**WHAT THE TASK ASKS**
Report each line of the entries that contains the word "Anime", copied in full.

<<<<

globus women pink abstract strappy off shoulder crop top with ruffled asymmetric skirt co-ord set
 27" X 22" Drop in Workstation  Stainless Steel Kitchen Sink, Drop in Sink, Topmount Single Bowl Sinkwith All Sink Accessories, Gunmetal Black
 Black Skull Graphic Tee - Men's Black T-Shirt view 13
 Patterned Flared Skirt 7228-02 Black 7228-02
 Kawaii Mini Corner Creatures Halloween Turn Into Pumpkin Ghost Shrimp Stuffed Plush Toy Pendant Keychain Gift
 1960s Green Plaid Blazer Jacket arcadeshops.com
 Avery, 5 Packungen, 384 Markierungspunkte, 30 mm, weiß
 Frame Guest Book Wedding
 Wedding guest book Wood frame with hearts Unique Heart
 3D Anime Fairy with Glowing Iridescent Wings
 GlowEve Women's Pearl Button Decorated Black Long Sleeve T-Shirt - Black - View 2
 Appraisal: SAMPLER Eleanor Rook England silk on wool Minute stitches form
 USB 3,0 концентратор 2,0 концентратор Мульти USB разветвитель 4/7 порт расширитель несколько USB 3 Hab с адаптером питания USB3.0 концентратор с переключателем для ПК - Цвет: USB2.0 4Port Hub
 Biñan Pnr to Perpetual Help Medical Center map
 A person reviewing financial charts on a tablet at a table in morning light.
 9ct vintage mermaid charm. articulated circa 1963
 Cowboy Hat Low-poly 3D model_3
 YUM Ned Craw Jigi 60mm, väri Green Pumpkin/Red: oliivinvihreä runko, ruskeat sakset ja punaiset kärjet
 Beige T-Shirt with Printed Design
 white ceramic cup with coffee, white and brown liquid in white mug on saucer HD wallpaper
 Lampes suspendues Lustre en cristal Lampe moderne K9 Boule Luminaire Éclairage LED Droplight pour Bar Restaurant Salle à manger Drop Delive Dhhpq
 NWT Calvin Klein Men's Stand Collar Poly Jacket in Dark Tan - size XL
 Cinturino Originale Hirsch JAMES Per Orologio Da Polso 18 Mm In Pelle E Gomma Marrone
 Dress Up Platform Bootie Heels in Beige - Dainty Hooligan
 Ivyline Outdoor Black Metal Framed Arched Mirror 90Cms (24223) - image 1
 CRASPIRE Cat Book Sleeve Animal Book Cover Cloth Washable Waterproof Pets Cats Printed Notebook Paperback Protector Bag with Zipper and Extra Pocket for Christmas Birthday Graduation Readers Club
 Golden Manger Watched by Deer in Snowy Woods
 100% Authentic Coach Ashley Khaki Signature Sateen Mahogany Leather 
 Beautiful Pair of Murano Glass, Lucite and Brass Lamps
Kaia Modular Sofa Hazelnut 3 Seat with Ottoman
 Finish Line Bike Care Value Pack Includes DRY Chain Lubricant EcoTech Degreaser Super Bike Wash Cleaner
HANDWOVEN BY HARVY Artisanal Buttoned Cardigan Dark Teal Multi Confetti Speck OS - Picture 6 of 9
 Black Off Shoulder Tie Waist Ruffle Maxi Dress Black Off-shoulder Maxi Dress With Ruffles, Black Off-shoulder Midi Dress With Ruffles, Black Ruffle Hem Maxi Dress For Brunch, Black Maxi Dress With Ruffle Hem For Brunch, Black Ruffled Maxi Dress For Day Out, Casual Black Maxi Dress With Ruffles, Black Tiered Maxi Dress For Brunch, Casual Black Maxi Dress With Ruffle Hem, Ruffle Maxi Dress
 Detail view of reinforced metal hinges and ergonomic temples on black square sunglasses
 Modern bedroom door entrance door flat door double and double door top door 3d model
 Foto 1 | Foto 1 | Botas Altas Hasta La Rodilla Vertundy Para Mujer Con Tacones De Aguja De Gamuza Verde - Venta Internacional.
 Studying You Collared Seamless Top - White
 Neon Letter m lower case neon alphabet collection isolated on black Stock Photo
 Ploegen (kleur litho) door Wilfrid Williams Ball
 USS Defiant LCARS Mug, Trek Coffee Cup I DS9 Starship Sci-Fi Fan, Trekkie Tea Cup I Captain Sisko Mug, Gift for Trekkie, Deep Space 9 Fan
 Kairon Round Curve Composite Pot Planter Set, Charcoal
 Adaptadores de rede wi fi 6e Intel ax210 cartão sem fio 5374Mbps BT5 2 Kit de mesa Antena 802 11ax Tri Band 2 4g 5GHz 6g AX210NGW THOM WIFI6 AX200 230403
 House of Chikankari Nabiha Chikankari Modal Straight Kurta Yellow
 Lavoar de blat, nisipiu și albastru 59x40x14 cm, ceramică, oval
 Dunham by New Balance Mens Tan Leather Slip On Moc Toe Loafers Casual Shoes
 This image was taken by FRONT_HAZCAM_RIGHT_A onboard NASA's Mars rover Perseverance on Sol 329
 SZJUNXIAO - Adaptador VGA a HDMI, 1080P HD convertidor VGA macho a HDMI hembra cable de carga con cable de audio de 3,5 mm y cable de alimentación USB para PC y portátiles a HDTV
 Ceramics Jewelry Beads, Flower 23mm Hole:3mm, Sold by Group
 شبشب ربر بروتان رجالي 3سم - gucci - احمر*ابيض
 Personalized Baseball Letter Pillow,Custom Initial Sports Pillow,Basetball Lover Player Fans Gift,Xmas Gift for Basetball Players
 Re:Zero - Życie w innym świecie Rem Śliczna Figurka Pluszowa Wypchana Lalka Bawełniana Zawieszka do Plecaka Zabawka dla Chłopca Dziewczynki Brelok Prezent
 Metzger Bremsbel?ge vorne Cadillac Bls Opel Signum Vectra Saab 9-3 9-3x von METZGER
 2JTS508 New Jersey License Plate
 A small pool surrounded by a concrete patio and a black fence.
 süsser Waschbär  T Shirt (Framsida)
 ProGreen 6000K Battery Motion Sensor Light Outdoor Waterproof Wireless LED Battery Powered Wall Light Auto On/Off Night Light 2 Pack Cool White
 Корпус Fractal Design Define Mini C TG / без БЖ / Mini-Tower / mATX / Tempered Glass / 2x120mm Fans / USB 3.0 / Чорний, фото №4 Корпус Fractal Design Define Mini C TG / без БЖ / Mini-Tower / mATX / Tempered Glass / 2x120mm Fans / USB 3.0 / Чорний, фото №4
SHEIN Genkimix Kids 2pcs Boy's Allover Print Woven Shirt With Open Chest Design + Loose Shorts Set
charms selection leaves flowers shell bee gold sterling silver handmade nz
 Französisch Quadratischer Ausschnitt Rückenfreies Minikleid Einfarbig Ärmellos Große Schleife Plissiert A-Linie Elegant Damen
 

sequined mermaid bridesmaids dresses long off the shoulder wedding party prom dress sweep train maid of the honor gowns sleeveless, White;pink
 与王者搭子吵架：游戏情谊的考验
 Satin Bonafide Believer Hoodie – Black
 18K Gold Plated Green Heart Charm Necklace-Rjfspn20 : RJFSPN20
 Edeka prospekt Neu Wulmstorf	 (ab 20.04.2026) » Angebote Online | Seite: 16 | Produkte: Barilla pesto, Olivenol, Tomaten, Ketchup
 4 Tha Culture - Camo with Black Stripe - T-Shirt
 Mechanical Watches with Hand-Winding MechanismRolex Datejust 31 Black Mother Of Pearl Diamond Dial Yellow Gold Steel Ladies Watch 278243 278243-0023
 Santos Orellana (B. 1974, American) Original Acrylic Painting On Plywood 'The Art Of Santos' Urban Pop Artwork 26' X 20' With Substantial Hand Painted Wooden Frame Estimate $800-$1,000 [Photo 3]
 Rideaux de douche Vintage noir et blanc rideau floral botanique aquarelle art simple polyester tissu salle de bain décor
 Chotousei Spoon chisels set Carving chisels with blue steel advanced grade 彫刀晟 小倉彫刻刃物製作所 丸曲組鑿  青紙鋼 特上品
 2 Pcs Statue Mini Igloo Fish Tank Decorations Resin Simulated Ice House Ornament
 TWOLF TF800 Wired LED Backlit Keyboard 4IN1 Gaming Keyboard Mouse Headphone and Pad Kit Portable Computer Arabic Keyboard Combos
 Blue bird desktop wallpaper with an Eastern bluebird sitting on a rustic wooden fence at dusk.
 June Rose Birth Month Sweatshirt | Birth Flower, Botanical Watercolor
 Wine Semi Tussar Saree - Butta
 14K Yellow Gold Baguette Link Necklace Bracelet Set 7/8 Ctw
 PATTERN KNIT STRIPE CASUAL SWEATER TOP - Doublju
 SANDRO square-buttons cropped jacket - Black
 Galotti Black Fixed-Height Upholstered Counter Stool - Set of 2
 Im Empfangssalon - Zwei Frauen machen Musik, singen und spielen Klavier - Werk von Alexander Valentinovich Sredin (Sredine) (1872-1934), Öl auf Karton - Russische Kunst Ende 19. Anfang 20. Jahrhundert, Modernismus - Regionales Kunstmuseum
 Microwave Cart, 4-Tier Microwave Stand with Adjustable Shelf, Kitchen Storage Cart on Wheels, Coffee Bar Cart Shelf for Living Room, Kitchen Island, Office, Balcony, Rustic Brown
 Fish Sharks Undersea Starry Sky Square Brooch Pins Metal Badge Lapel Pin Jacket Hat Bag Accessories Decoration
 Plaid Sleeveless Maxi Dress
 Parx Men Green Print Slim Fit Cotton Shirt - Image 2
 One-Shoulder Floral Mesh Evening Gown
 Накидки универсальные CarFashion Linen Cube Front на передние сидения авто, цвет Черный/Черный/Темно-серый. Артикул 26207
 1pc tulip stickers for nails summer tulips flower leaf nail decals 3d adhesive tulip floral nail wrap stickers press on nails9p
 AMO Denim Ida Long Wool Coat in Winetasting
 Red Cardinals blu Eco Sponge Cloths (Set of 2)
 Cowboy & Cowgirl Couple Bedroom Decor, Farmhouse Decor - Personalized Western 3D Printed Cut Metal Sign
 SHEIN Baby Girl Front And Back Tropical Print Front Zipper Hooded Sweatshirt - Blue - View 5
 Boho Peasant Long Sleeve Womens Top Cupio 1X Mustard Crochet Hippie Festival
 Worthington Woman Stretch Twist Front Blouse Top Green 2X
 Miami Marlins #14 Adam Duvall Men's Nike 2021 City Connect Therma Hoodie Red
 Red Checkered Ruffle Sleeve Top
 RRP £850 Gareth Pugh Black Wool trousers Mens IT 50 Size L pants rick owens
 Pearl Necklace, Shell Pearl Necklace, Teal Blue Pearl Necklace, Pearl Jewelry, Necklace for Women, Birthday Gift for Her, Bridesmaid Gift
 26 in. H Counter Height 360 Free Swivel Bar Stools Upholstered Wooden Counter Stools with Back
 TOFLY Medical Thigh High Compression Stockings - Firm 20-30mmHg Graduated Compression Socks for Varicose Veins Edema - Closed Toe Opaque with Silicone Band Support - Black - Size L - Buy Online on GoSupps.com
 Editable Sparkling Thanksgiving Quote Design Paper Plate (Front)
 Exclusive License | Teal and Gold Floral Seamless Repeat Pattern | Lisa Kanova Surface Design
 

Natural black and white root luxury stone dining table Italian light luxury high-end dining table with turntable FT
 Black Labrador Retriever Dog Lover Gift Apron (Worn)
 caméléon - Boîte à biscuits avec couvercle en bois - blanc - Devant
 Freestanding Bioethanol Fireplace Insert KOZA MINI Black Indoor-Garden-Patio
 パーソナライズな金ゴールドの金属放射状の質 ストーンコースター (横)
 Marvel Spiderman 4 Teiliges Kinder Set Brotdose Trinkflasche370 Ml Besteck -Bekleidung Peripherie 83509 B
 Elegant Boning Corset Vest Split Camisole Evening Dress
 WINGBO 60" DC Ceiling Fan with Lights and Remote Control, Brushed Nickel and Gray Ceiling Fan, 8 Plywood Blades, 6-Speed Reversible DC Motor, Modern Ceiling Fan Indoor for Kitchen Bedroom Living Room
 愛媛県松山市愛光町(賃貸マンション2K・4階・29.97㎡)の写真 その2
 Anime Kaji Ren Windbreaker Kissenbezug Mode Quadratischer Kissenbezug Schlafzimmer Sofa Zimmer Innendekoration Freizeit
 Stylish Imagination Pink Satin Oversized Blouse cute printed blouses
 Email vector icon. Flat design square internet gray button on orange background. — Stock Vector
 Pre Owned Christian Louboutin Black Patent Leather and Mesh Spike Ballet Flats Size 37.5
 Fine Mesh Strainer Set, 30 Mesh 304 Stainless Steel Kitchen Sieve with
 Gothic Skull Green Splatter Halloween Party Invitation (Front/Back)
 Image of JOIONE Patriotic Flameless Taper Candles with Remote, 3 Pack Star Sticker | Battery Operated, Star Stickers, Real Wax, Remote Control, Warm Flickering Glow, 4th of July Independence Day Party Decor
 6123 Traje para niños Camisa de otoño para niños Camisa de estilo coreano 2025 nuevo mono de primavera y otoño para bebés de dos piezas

>>>>

**RESULT BELOW**
 3D Anime Fairy with Glowing Iridescent Wings
 Anime Kaji Ren Windbreaker Kissenbezug Mode Quadratischer Kissenbezug Schlafzimmer Sofa Zimmer Innendekoration Freizeit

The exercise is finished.